BOOK
Runway departure during attempted takeoff, Tower Air flight 41, Boeing 747-136, N605FF, JFK International Airport, New York, December 10, 1995 (SuDoc TD 1.112:96/04)
U.S. Dept of Transportation
About this product:
On December 20, 1995, Tower Air flight 41 attempted takeoff from runway 4L at John F. Kennedy International Airport (JFK) in New York. At the time the runway was contaminated by snow and ice, and a substantial crosswind existed. The aircraft achieved takeoff power, but quickly started to depart from the runway, at which point the Captain aborted the takeoff. The aircraft departed the runway and was damaged beyond repair. Of the 468 people aboard, 24 passengers received minor injuries, and a Flight Attendant received serious injuries.
This report closely analyzes control inputs made by the Captain as well as Tower Air and Boeing procedures, and found all deficient. The Captain used the nosewheel steering tiller (normally only used for maneuvering during taxi) rather than a more industry standard method of using only the rudder pedals for directional control during the takeoff. In his defense, this was an accepted practice at Tower Air at the time as it was a carryover from some early B-747's they operated that did not have a rudder pedal-nosewheel steering interconnect. The problem with this is that the tiller is capable of very large steering angles, making it very prone to overcontrolling the nosewheel prior to rudder aerodynamic effectiveness in the B-747. When attempting to correct back to centerline with the tiller, the Captain unwittingly allowed the nosewheel to skid (another hazard of the technique he used) and thereby lost directional control of the aircraft. The report details the nuances of this phenomena, and the faults in both Tower Air and Boeing procedures.

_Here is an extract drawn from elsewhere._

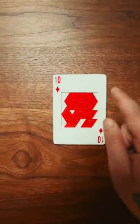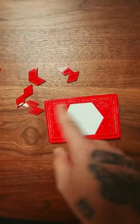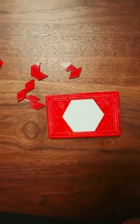But once you've solved it, it gets even harder, because on the other side you've got to fit all those 10 pieces into this. And guess what? There's only one solution.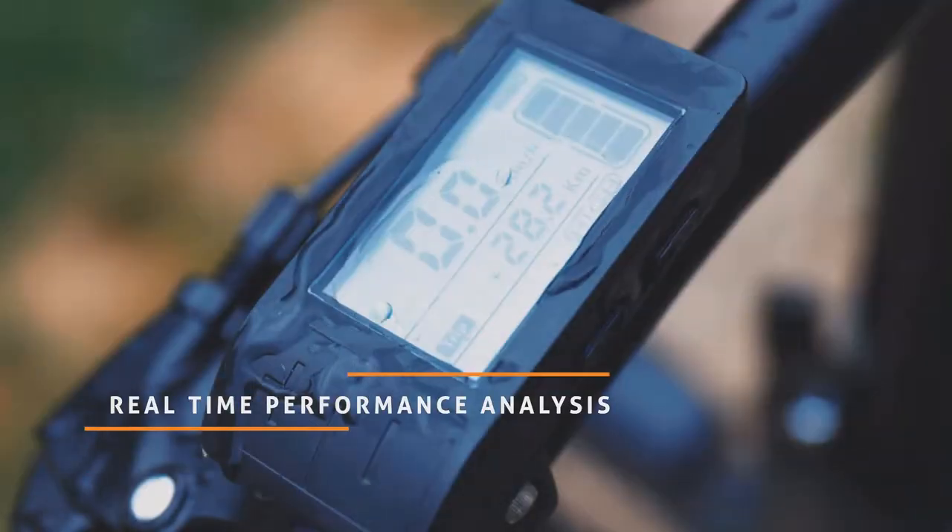Monitor live-cycling data on its crystal-clear display. And yes, it's waterproof.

The report is more interesting in other respects, and serves as an excellent example of a crew coordination problem for the Flight Attendants. In this case, damage to the aircraft made portions of the public address and interphone systems of the aircraft become inoperative: the resulting confusion between the separate portions of the aircraft had a large potential for further, more serious cabin problems (e.g. partial unintended evacuation from an aircraft with a collapsed nose landing gear into arctic conditions, etc.) This accident, therefore, serves as an excellent accident to analyze in future Crew Resource Management (CRM) training, and has been widely used in that capacity by a variety of airlines.
The accident also points out problems in training and operating a mixed fleet of aircraft. The aircraft involved in the accident was one of three different subtypes of B-747 Tower Air operated at the time: all had similar galleys, but the carts varied significantly. Flight Attendants were only trained on one type of cart, however, and in this accident a very large and heavy cart of a unique design broke free and seriously injured a Flight Attendant.
This accident is well worth reviewing for pilots (especially pilots of heavy aircraft with wing mounted engines who frequent contaminated runways, and particularly B-747 pilots), Flight Attendants, safety, and training professionals. The NTSB provides a very detailed, interesting, and cogent description and analysis of the accident in this report (AAR 96-04), and I recommend it to relevant parties.